Devotion is from the heart, it's not a rational thing. You can't make yourself feel love or devotion just because you like the idea of it. It's when you're not attached, when your heart is open, receptive and free, that you begin to experience what pure love is. Loving-kindness, compassion, sympathetic joy, equanimity - the realm of the Divine Abodes, the brahma-viharas - these come from an empty mind. Not from a sterile position of just annihilating feeling but from a heart that is not deluded, not blinded by ideas of self or others, or by passions of some kind or another.
You may think the Holy Life is cold and heartless because, in a community of samanas such as this, living according to a way of restraint and discipline, we're not demonstrative in our expressions of love and joy. This community is not bubbling up with feelings of devotion. It is quite formal and restrained in its form and its expression. But then this does not necessarily deny love. With mindfulness, with the way we relate - to our own bodies, to the Sangha, to the lay people, to the tradition, and to the society - there is an openness, kindness, and receptivity. There is caring, a joyfulness and compassion that we can feel.
It is still anicca and anatta, and it is dukkha in the sense that it's not in itself the end of anything; it's not satisfying as an identity or an attachment. But when the heart is free from illusions of self, then there arises a loving quality in the pure joy of being. It's not expected to be anything or anybody; neither is it expected to last, or be permanent. It is not to be made anything of. It's just the natural way of things. So when you contemplate in that way, that is the way of faith and trust and devotion.
When we talk about faith and confidence and trust, they're nothing you can really grasp. Faith is not anything that you can create. One can say the words, but to really have faith and confidence in Dhamma is to be willing to let go of any demand or affirmation or any attachment whatsoever. And that experience of faith comes to us as we examine and understand the Dhamma, or the true way of things. If we really contemplate Dhamma, see Dhamma, then there is faith, this strong sense of total trust, confidence in truth.
If you're practising vipassana meditation and you're getting more frightened, or anxious, or tense, or feeling emotionally sterilised, then you're not doing it the right way. Perhaps you are using technique as a way of suppressing your feelings or denying things. So you end up feeling more tense, sceptical, uncertain. There is an attachment to some view about it. The more we really see and understand completely the way things are, the more we have this quality of faith. This faith increases, it's a total trust. When one talks about surrender or giving up or letting go, it's through total trust. It is not just taking a chance or a risk, it is through the experience of faith.

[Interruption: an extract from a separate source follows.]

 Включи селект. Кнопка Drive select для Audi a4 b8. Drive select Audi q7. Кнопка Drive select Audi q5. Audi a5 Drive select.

The path is something we cultivate. We have to know where we are and not try to become something that we think we would like to be; we have to practise with the way it is now, without making a judgement about it. If you're feeling tense, nervous, disillusioned, disappointed about yourself or the tradition, or the teacher or the monks or the nuns, or whatever, then try to recognise that what is in the moment is enough. Be willing to just admit, to acknowledge the way it is rather than to indulge in believing that what you're feeling is somehow an accurate description of reality, or to feel that what you are feeling is wrong and you shouldn't be feeling like that. Those are two extremes. But the cultivation of the Way is to recognise that whatever is subject to arising is subject to ceasing. And this isn't a put-down or cold-hearted way of cultivating the path, even though it might sound like it.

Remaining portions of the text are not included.